▸ Your objective: The answer is the line containing "Because the amyloid" plus every line after it to the end of the material, retyped exactly and without the pictures.

*** Begin section ***

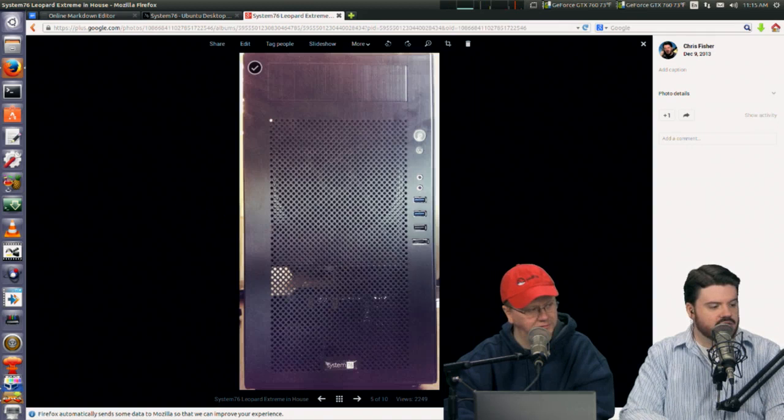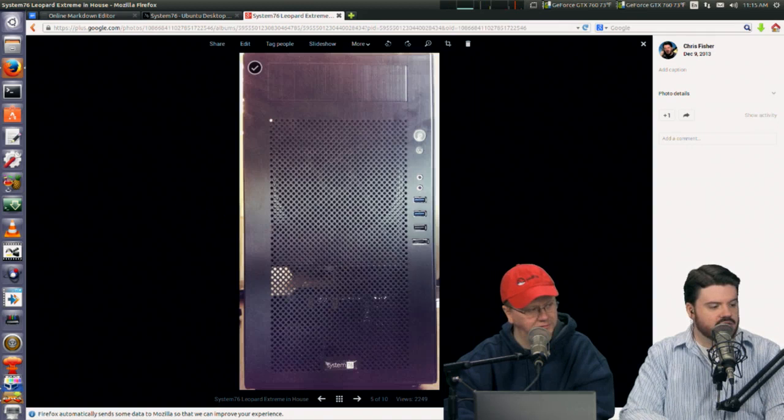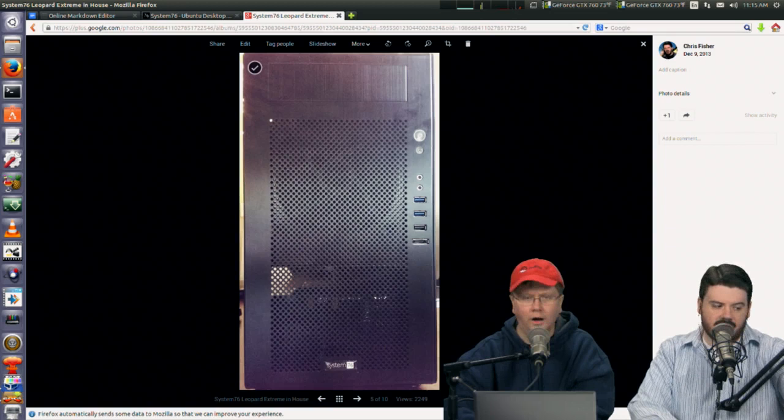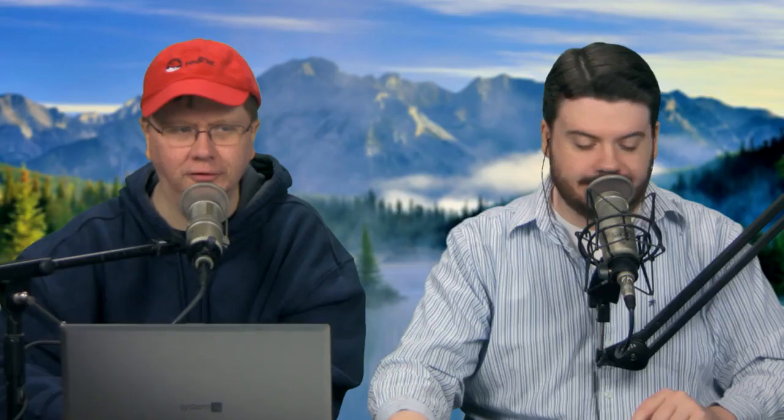There's the full front of the case — the open space is for cooling. One of the interesting things System76 has done is place the power supply right at the very front of the case. That surprised me — I was plugging in the power to the back and realized there's no power supply on the other end. They have it wired that way, and I think it actually works out well for cooling.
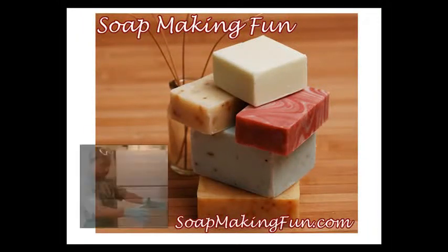Hey, it's Jay from Soap Making Fun. Just imagine making your very own customized soap right in your own home. I can tell you from experience that is amazing and incredibly fun to do.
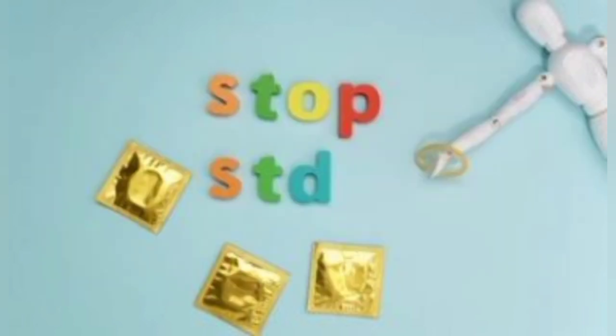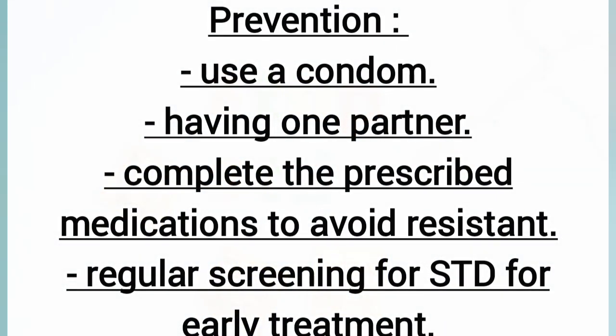For treatment, once one has tested positive for super-gonorrhea, the doctor will give a combination of antibiotics that are more effective against the strain. To prevent super-gonorrhea, one needs to use a condom, have one partner, and take medication as prescribed by the doctor.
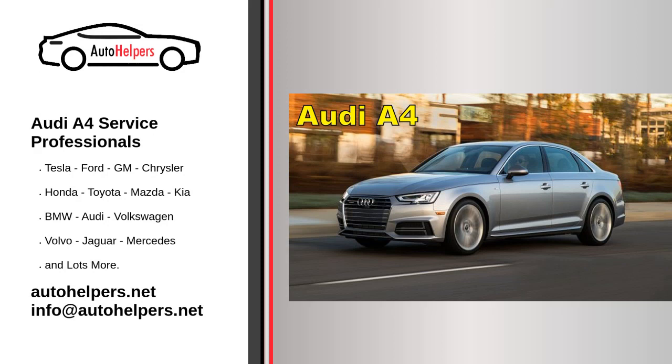Audi A4 Service Professionals. Audi is a German automotive manufacturer of luxury vehicles headquartered in Ingolstadt, Bavaria, Germany. As a subsidiary of its parent company, the Volkswagen Group, Audi produces vehicles in nine production facilities worldwide.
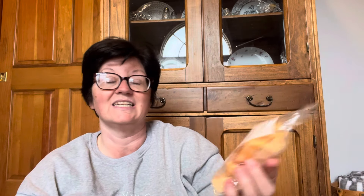The other repurchase I have is Pumpkin Pecan Waffle — butter, cinnamon, apple, vanilla, and maple. I love this. It's unlike any pumpkin pecan waffle I've had from any vendor. Is it the apple? It's maple-led, but it's not like maple syrupy. You definitely get some maple, but I think it's the apple that makes this different. I love this pumpkin pecan waffle — it's different than any other vendor I've had. Those were my repurchases.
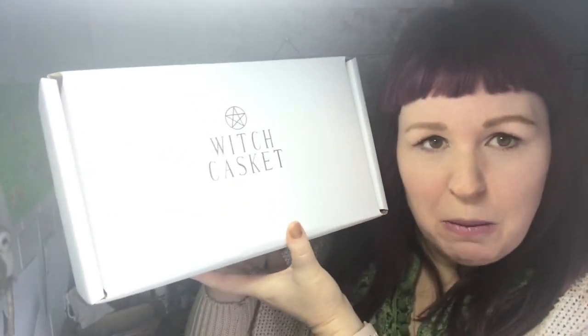Welcome Kindreds, it's Jessica the Story Witch and I've got a witch casket unboxing to do. This is going to be one of my last witch caskets.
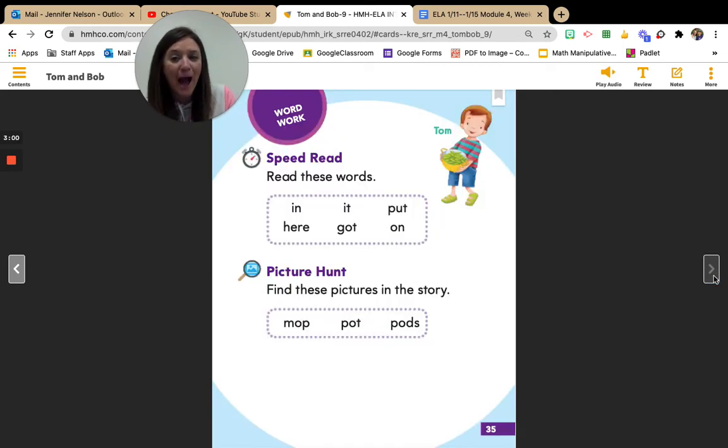So, boys and girls, how might our characters feel at the end of our story? I think Bob might feel glad, or he might feel proud of what he can do, right? He's proud that he can mop. How might Mom feel? I think Mom might be surprised or even happy. How about Tom? How does big brother Tom feel? He might feel shocked or surprised because his little brother can mop.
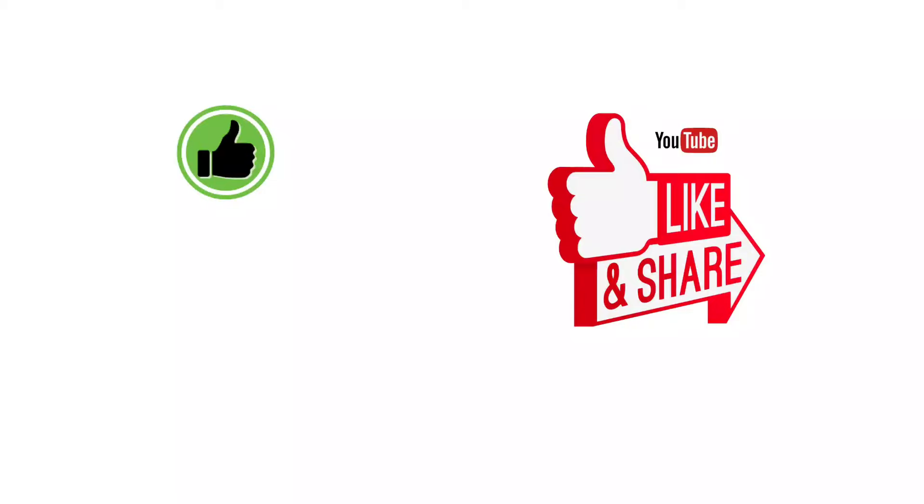With this, I conclude this video. I hope you found this video useful. Give your support by clicking the like button. If you are new to this channel, consider subscribing for more valuable videos like this. Okay then, see you in the next video.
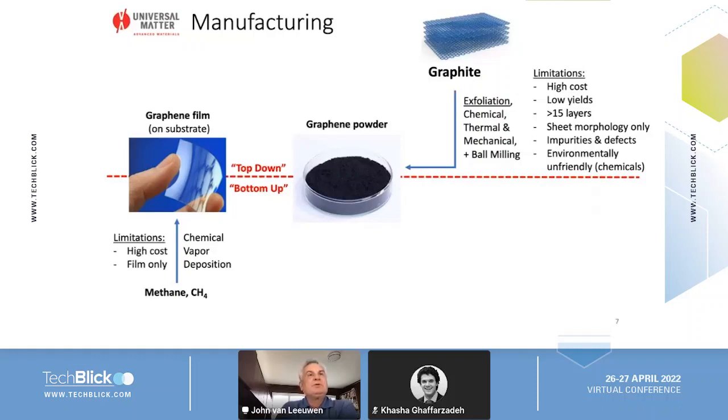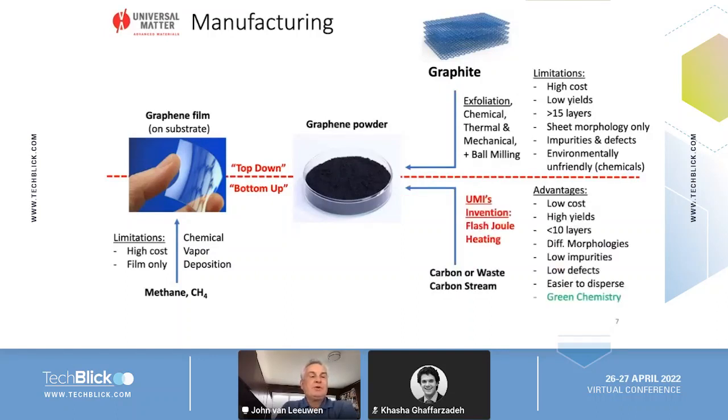Exfoliation-based processes generally deal with only sheet morphology and the processes are environmentally unfriendly. By contrast, we have a bottom-up approach. Our invention — flash Joule heating — allows us to convert carbon waste materials and carbon streams into beautiful graphene morphologies, not just flakes but also polyhedral morphologies. This is a much lower cost approach, gives very good yields, and generally gives us graphene with less than...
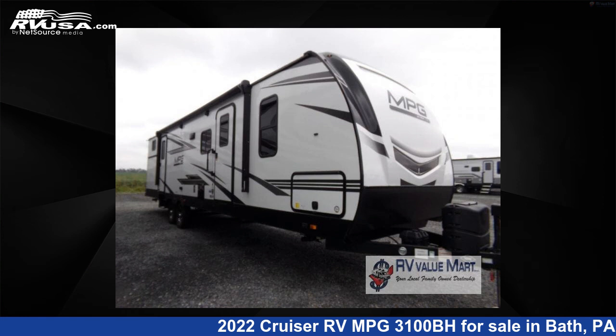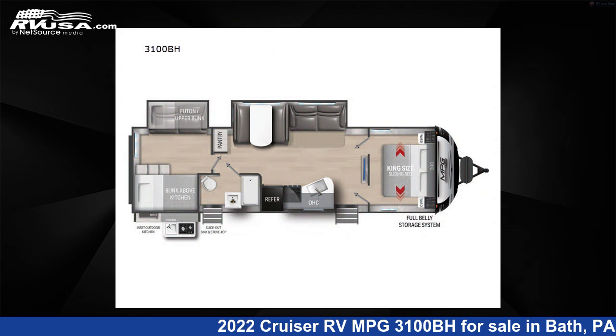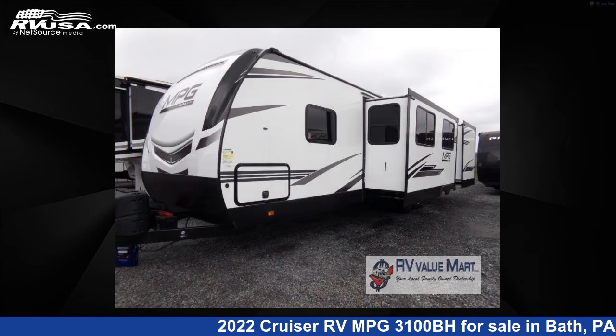This 2022 Cruiser RV MPG 3100BH is a travel trailer RV. It is located in Bath, Pennsylvania 18014 and is offered for sale by RV Value Mart, Bethlehem.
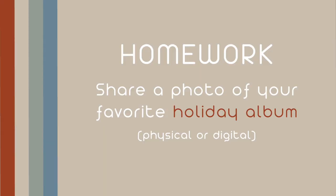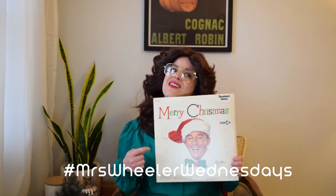Homework this week: we would like you to share your favorite holiday album with us. It doesn't have to be vinyl or even a physical copy — it could certainly be digital or whatever you're listening to on music these days. Don't forget to tag us and use the hashtag so we can give you a grade. And that concludes this week's lesson of Mrs. Wheeler Wednesdays. Say bye bye!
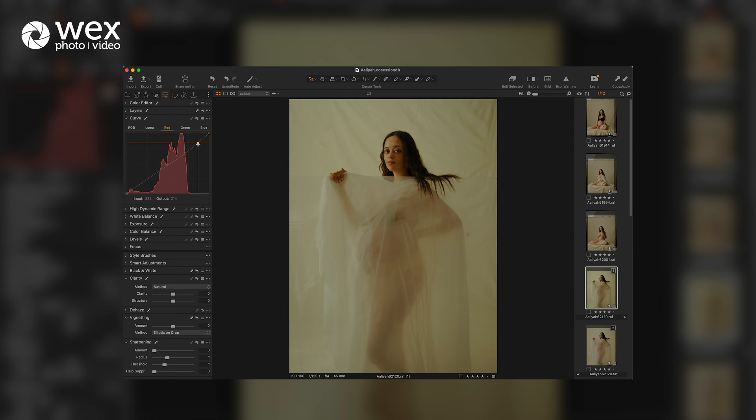I start usually with tonal adjustments — playing with the curves, dynamic range, levels, adjusting the contrast, adjusting the softness of the image or adding more contrast, reducing contrast, protecting the highlights, opening the shadows.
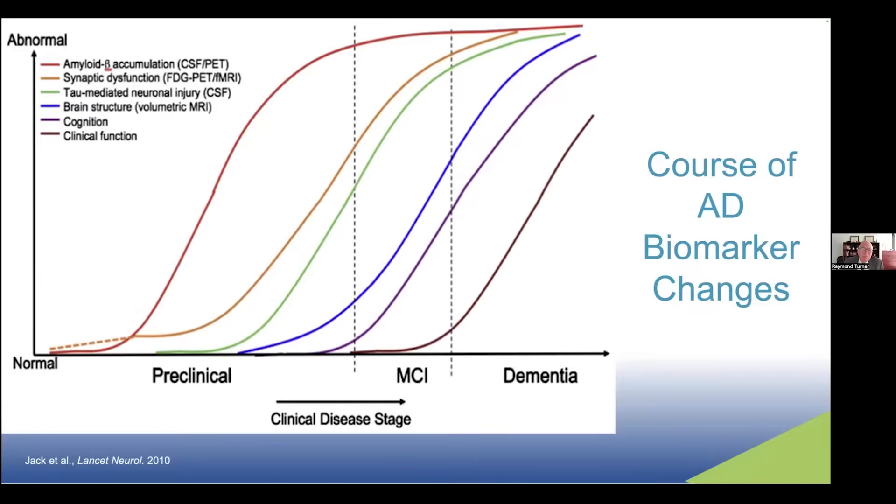Because the amyloid biomarker becomes abnormal first, we've developed the amyloid cascade hypothesis — that amyloid is necessary but not sufficient to develop dementia due to Alzheimer's disease. You can also see a ceiling effect in the amyloid curve, so there's no correlation between cognition and amyloid burden, which would argue against the amyloid hypothesis. But our current hypothesis suggests that amyloid triggers tau pathology, tau pathology triggers cognitive decline, and cognitive decline ultimately leads to functional losses.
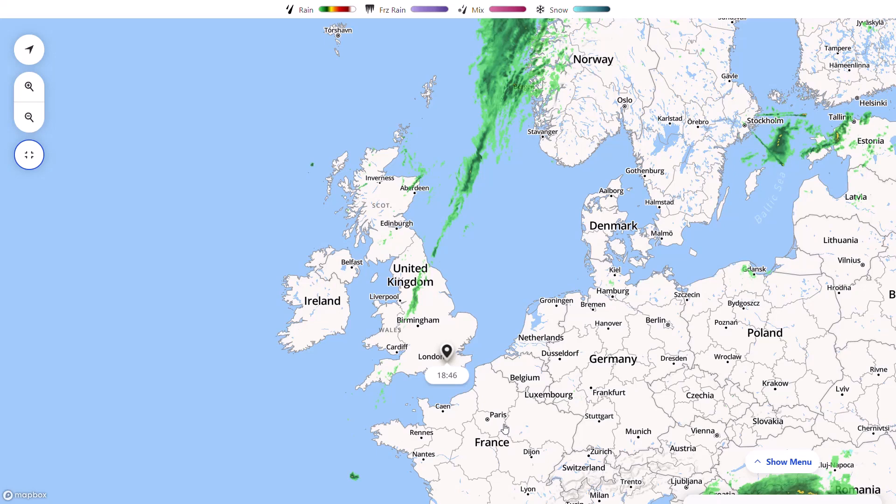Welcome everyone back to weekly weather updates. This evening we'll have a look at the live radar, then go for the GFS, the GEM, the ECMWF, and we'll finish up with the GFS ensembles and the UK Met Office run as well. Now we've got a lot of high pressure over the next week or two that's going to be blocking our weather.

*** End section ***

▸ Finished task:
Because the amyloid biomarker becomes abnormal first, we've developed the amyloid cascade hypothesis — that amyloid is necessary but not sufficient to develop dementia due to Alzheimer's disease. You can also see a ceiling effect in the amyloid curve, so there's no correlation between cognition and amyloid burden, which would argue against the amyloid hypothesis. But our current hypothesis suggests that amyloid triggers tau pathology, tau pathology triggers cognitive decline, and cognitive decline ultimately leads to functional losses.
Welcome everyone back to weekly weather updates. This evening we'll have a look at the live radar, then go for the GFS, the GEM, the ECMWF, and we'll finish up with the GFS ensembles and the UK Met Office run as well. Now we've got a lot of high pressure over the next week or two that's going to be blocking our weather.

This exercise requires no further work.